Two Popes filmi, 30.000 oğlan çocuğunun tecavüzünü örtbas etmeye çalışan sapık bir emekli Nazi olan Benediktus ve öğrencisi darbe sevici Francis'i sevimli ve normal göstermek için her türlü sinema hilesini kullanan bir maymun dansıydı. Bizim ülkemizde bile papalığa sevgi besleyen bir cahil ve idiot sürüsünün olduğunu gösterdi.

Bu belgesel Two Popes filminin işe yaradığını, Prens Andrew'in çocuk tecavüzlerini gizlemek için Jimmy Savile denen şarlatanın harcanabilir olduğuna karar verildiği gösteren bir yapım.

İzlemek için sağlam mide gerek. İşlenen suçlar yürek burkucu ama bu suçları gözünüzün içine baka baka inkar etmeye çalışan bir grup pisliği, piyano ve süslü çekimler eşliğinde izlemek düpedüz mide bulandırıcı.
İzleyin. Dünyada adalet olmadığını ve eski çağlardan kalma din veya kraliyet gibi sapıklıklar ortadan kalkmadıkça da olmayacağını anlayın.

(Ayrıca bugün güya internet solunun renkli ve komik sesi olarak dolanan Ricky Gervais soytarısının, Jimmy Savile'in etrafında sahibine kavuşmuş fino gibi neşeyle zıpladığı sahneler kayda değer.)
The Batman (2022)
13 Mayıs 2022
Bu film, daha doğrusu movie, herhangi bir şey hakkında herhangi bir şey söylemeden, birkaç adam ve kadının ergence poz kesmesiyle başlayıp aynı şekilde biten absürt bir varyeteden ibaret.

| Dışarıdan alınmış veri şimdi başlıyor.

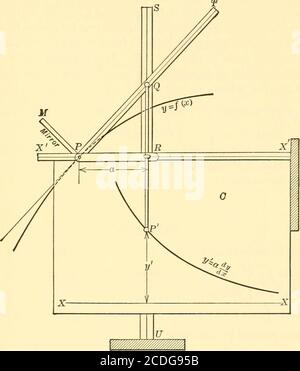 . Grafische und mechanische Berechnung . O II ^ ItcJ %^ li ii II IT Jl* ?j A i O Art. iio MECHANISCHE DIFFERENZIERUNG 255 iio. Mechanische Differenzierung. Die Maschine, die die abgeleitete Kurve y Unterscheidungsmerkmal zeichnet. - Dies ist ein dx der Kurve y = f(x). Da die Ordinate der abgeleiteten Kurve der Steigung der integrierten Kurve entspricht, ist es notwendig, die Tangentiallinien an einer Reihe von Punkten der integralen Kurve zu konstruieren. Wir haben bereits erwähnt (Art 106) die Verwendung eines Zelluloidstreifens mit zwei schwarzen Punkten auf seiner Unterseite zur Abschreckung. Abb. nr. Mine die Richtung der Tangente. Stockfoto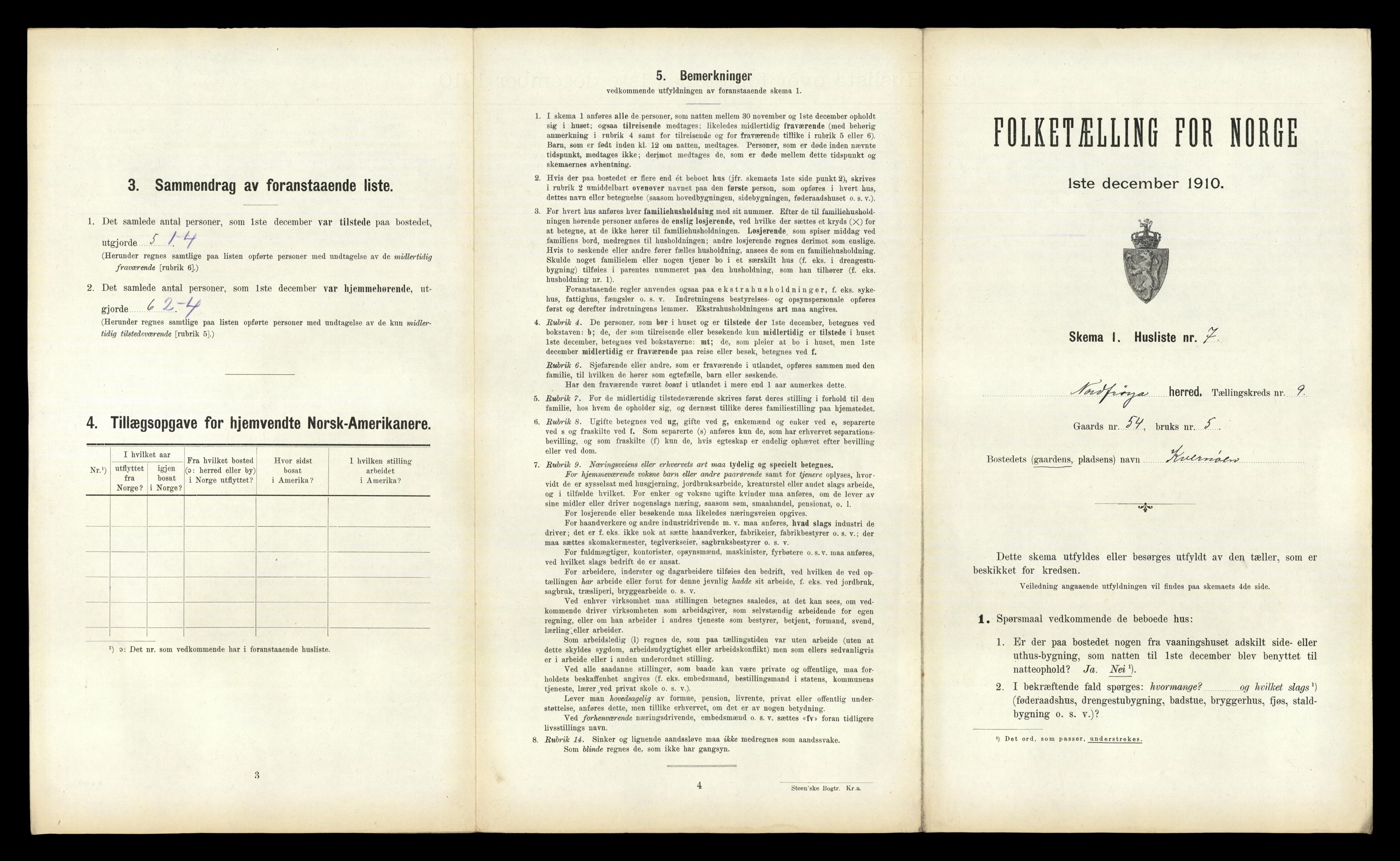 RA, Folketelling 1910 for 1620 Nord-Frøya herred, 1910, s. 872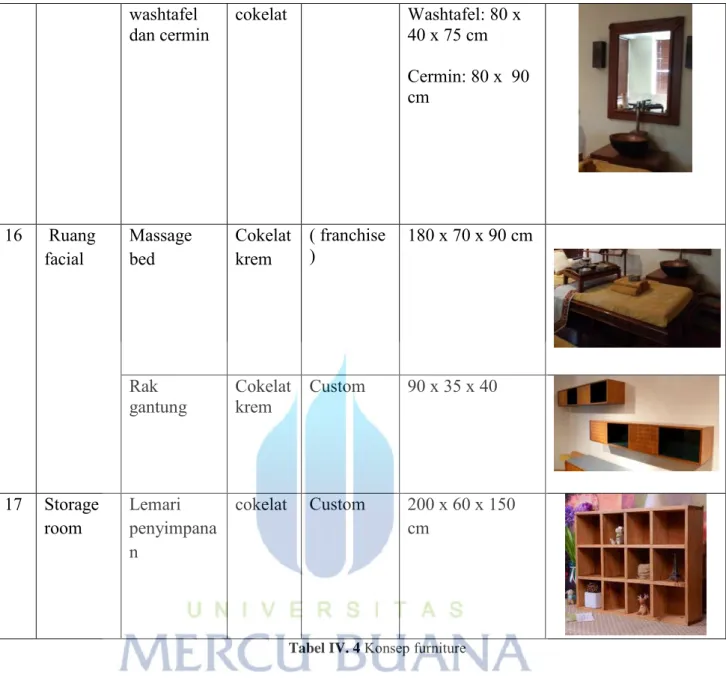 Tabel IV. 4  Konsep furniture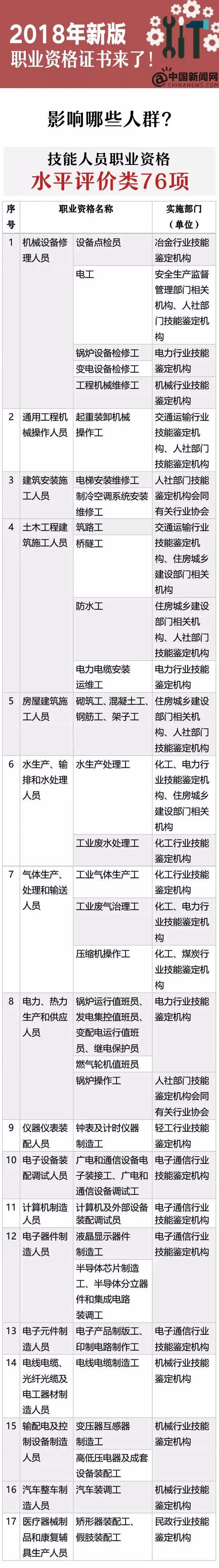 所有人,新版职业资格证书来啦!旧版证件还有效吗?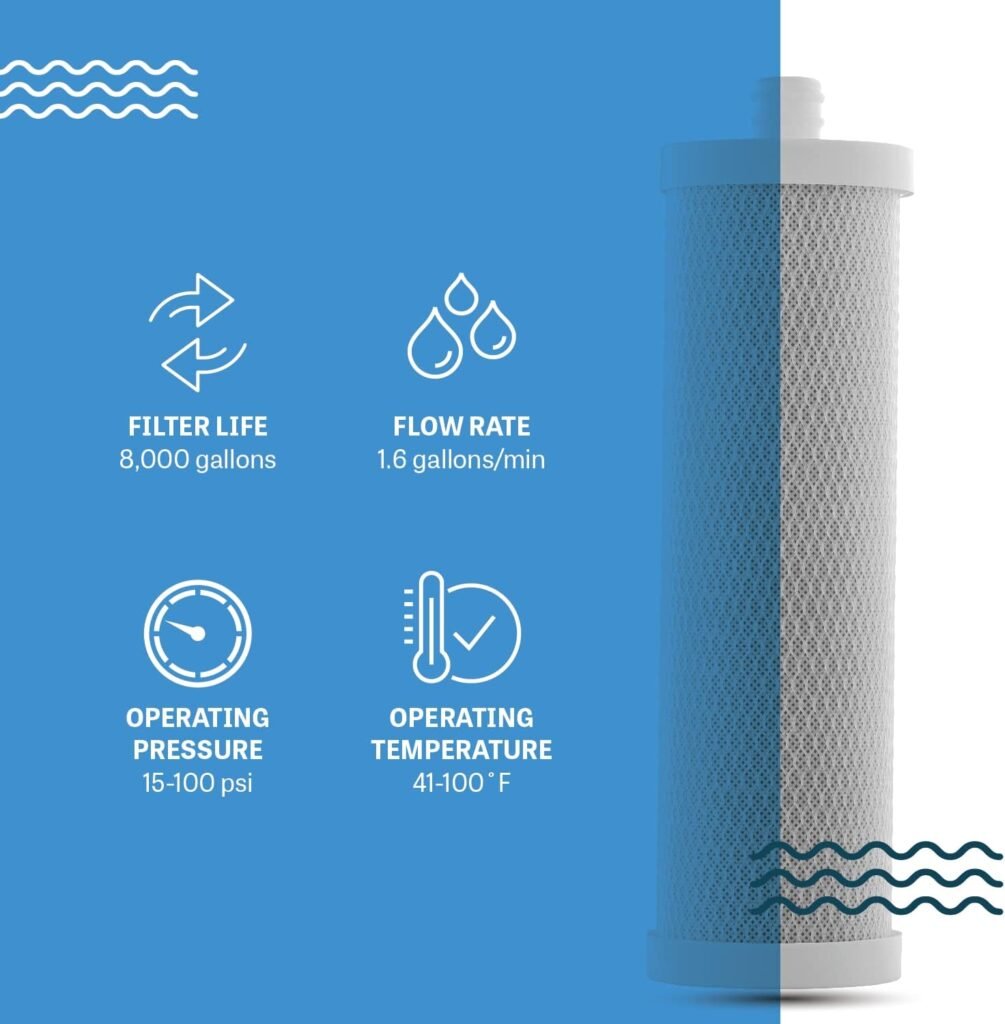 Mist Countertop Stainless Steel Water Filtration System, 5-Stage Filtration Technology, 8000 Gallon Capacity, Reduces Heavy Metals, Chlorine, Bad Taste  Odor
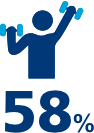 Statistics show patient efforts improved after weight-management discussions with their HCP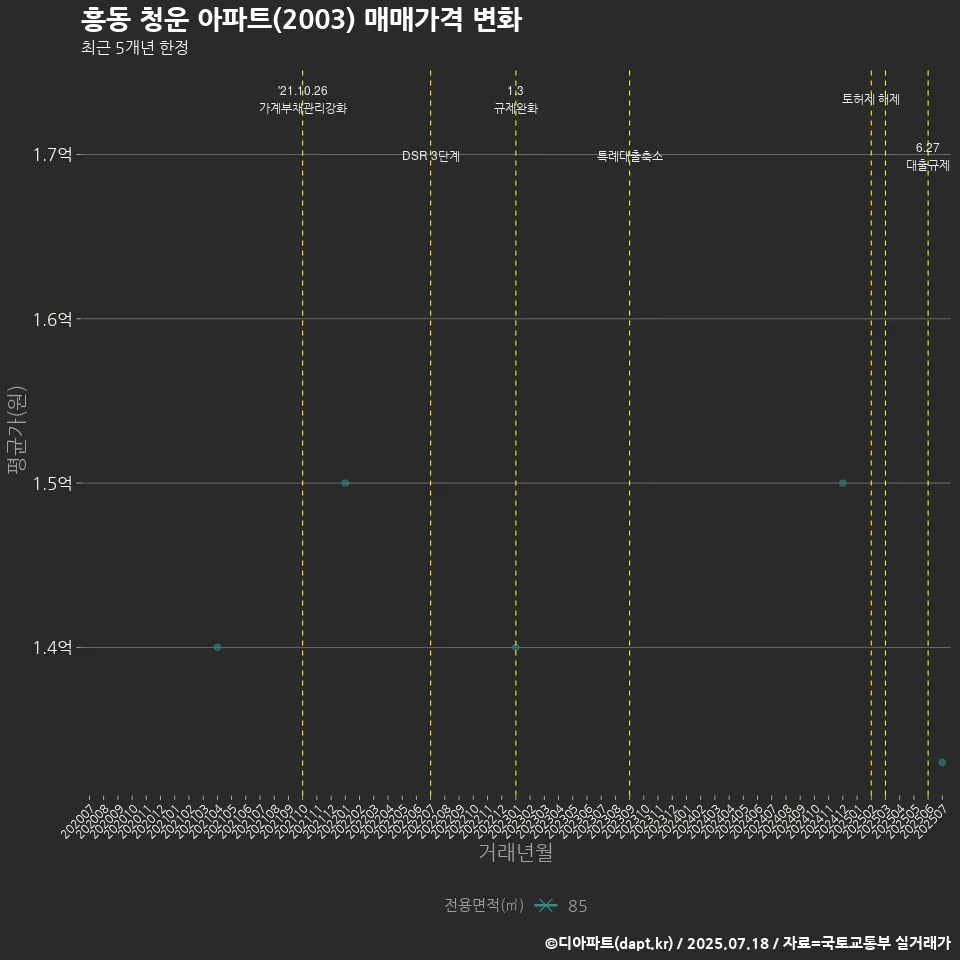 흥동 청운 아파트(2003) 매매가격 변화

Adamlar "Nasılsa ortada pelerinle zıplayan artist bir eleman ve karşısına deli bir şarlatan koyunca izleyici yutuyor." formülünün dışına taşmadan filmi kotarmışlar. Ek olarak kendi içişlerine uygun biçimde çevirebildikleri herkesi zenciye çevirip yeni hollywood kaygılarına merhem olmuşlar o kadar. Melez kedi kadın, zenci Gordon, zenci kadın vali dümeninden Amerika'nın ergen solunun gazını almışlar. Milyonları toplayıp çekilmişler.

Boş vaktinize gelirse, atlaya atlaya da olsa izleniyor.